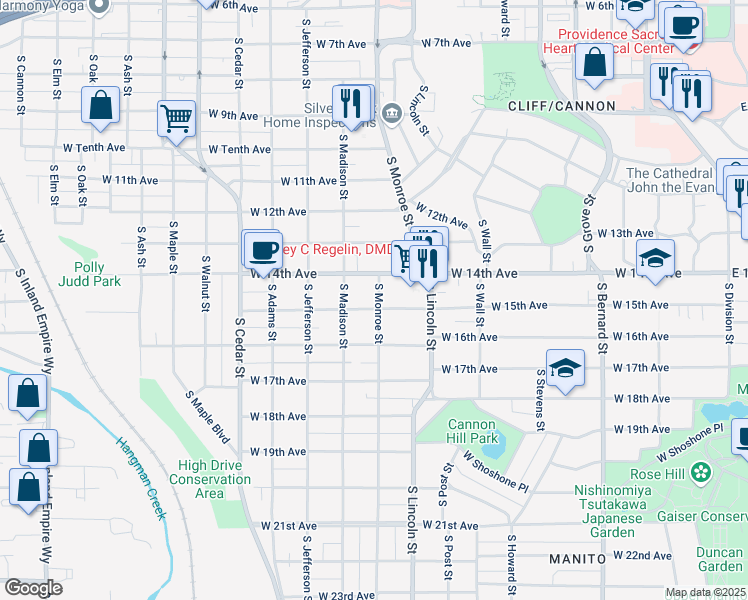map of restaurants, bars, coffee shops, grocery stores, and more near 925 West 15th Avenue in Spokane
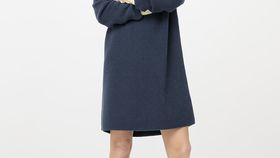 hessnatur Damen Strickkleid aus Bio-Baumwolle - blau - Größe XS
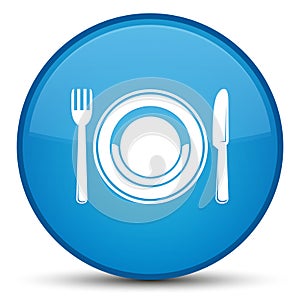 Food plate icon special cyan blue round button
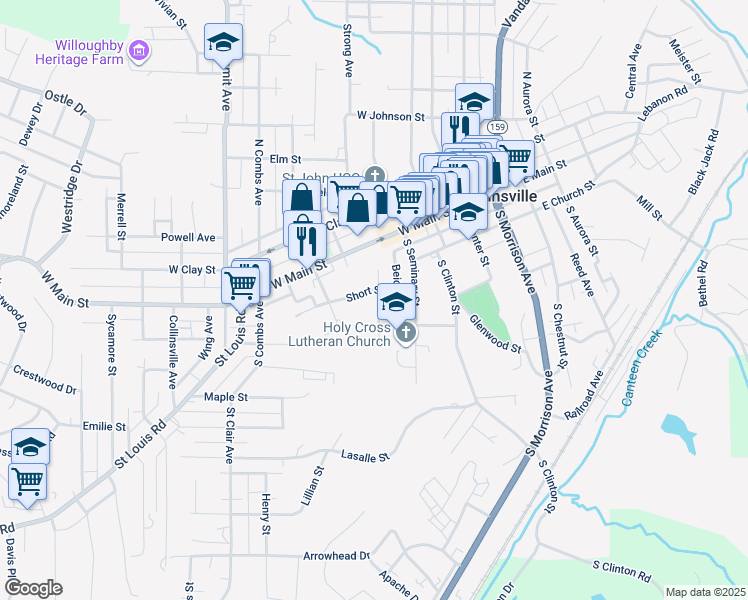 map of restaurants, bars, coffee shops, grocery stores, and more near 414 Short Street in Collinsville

- **What you need to do**: Each line of the data above must be reproduced as written. Skip the pictures.

- **Exercise response**:
map of restaurants, bars, coffee shops, grocery stores, and more near 925 West 15th Avenue in Spokane
 hessnatur Damen Strickkleid aus Bio-Baumwolle - blau - Größe XS
 Food plate icon special cyan blue round button
 map of restaurants, bars, coffee shops, grocery stores, and more near 414 Short Street in Collinsville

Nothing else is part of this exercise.